The second loop is sitting inside f_{w,b}(X^{(i)})

f_{w,b}(X^{(i)}) = w_{1}.x_1^{(i)} +w_2x_2^{(i)}+...+w_nx_n^{(i)} + b

= \sum_{j=1}^{n} w_j.x_j ^{(i)}+b

Now, going back to the original equation:

\frac {\partial J} {\partial w_j} = \frac {1} {m} \sum_{i=1}^{m} (\sum_{j=1}^{n} (w_j.x_j^{(i)} +b) - y^{(i)}).x_j^{(i)}

Note:- When we implement the above equation in python, the summation starts from 0 instead of 1 becuase the python array indices start from 0

Andromeda18 · July 27, 2022, 11:26am

Hi,

Thank you for your answer. I see what you mean and I had completely forgotten about the summation inside f_{\mathbf{w},b}(\mathbf{x}^{(i)}).

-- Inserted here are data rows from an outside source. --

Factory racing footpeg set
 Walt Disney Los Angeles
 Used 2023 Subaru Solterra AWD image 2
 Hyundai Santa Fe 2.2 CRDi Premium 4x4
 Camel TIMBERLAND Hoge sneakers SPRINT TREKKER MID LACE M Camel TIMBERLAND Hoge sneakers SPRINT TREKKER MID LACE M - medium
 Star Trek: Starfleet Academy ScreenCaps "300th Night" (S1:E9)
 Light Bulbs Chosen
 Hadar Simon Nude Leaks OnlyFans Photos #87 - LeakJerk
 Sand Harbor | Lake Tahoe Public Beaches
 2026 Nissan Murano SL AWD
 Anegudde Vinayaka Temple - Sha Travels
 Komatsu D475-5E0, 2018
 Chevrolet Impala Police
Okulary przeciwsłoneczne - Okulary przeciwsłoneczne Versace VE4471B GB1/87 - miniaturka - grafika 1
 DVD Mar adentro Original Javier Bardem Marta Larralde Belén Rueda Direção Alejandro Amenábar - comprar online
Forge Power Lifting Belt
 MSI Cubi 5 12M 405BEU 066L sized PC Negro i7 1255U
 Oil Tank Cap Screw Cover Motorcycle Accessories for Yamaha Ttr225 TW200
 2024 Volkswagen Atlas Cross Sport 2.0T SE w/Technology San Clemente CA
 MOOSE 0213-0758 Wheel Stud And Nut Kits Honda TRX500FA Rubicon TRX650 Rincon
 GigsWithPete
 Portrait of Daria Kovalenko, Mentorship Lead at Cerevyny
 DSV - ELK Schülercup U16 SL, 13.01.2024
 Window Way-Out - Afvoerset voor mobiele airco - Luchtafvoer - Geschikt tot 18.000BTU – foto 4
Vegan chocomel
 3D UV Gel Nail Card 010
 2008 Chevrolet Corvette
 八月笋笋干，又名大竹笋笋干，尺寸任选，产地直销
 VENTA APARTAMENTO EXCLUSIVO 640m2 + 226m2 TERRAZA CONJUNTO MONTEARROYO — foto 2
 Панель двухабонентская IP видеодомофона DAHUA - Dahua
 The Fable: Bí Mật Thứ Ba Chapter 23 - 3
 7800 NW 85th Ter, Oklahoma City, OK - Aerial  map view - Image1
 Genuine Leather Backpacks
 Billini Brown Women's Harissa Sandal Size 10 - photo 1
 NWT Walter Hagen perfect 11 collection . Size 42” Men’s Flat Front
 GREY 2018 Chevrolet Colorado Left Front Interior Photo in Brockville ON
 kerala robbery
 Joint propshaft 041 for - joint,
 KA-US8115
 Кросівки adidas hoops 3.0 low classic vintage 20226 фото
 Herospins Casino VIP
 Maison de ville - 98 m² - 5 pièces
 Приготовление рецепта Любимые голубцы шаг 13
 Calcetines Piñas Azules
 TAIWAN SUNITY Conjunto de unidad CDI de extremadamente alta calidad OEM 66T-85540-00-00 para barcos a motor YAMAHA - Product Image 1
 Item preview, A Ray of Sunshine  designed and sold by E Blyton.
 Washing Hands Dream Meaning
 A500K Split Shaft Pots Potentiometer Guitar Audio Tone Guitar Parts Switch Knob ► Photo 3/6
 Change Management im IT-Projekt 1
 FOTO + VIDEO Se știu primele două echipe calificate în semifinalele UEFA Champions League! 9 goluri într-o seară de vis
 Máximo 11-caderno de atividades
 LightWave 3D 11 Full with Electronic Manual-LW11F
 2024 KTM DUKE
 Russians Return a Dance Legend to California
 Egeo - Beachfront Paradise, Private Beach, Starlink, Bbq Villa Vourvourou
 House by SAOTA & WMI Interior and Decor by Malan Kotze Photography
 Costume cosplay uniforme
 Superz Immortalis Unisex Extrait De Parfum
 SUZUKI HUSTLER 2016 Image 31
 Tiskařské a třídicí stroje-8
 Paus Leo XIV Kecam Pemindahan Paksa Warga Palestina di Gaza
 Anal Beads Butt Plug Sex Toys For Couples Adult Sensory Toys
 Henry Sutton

However, that second summation only applies to w_{j}.x_j^{(i)}, so, at least when it comes to programming, if we didn’t use the dot product we would actually need a third loop to implement that summation because I don’t see how we could multiply by x_j^{(i)} inside that loop since x_j^{(i)} needs to be multiplied by values that are calculated in the outside loop (\sum_{i=1}^m). To make things clearer, the implementation of the gradient equation, without using the dot product, would be something like this:

def compute_gradient(X, y, w, b): 
    
    m,n = X.shape           #(number of examples, number of features)
    dj_dw = np.zeros((n,))
    dj_db = 0.
    pred = 0.

    for i in range(m):         
        for j in range(n):
            pred = pred + (w[j] * X[i,j])
        pred = pred + b
        err = pred - y[i]
   
        for j in range(n):                         
            dj_dw[j] = dj_dw[j] + err * X[i, j]    
        dj_db = dj_db + err                        
    dj_dw = dj_dw / m                                
    dj_db = dj_db / m                                
        
    return dj_db, dj_dw

This implementation brings me back to my original question: shouldn’t each of these loops be represented in the equation? Shouldn’t it be something like this?

\frac{\partial J}{\partial w_{j}} =\frac{1}{m} \sum_{i=1}^m \sum_{j=1}^n \lgroup\lgroup\lgroup\sum_{j=1}^n w_{j}.x_j^{(i)}\rgroup+b\rgroup-y^{(i)}\rgroup.x_j^{(i)}

I apologize for being so insistent, but I’m trying to understand these concepts as well as possible.

Edit:
I can see how this equation might not be an accurate representation of the implementation above either, because according to the equation the third loop should be nested inside the second loop and it’s not, but I don’t know how else to represent that implementation in equation form. Basically, my problem is not with the implementation but with the mathematical representation.

shanup · July 27, 2022, 12:44pm

@Andromeda18

Firstly let me ease your concern - Mathematically, there isn’t a need for the 3rd loop. It will become clearer when we use number subscripts instead of talking in terms of j

\frac{\partial J}{\partial w_{1}} =\frac{1}{m} \sum_{i=1}^m \lgroup w_{1}.x_1^{(i)} + w_{2}.x_2^{(i)}+...+ w_{n}.x_n^{(i)} +b-y^{(i)}\rgroup.x_1^{(i)}

\frac{\partial J}{\partial w_{1}} =\frac{1}{m} \sum_{i=1}^m \lgroup\sum_{j=1}^n \lgroup w_{j}.x_j^{(i)}+b\rgroup-y^{(i)}\rgroup.x_1^{(i)}

As you can see here, when we are evaluating \frac{\partial J}{\partial w_{1}} we only multiply it with x_1^{(i)} and not (x_1^{(i)}, x_2^{(i)},..,x_n^{(i)})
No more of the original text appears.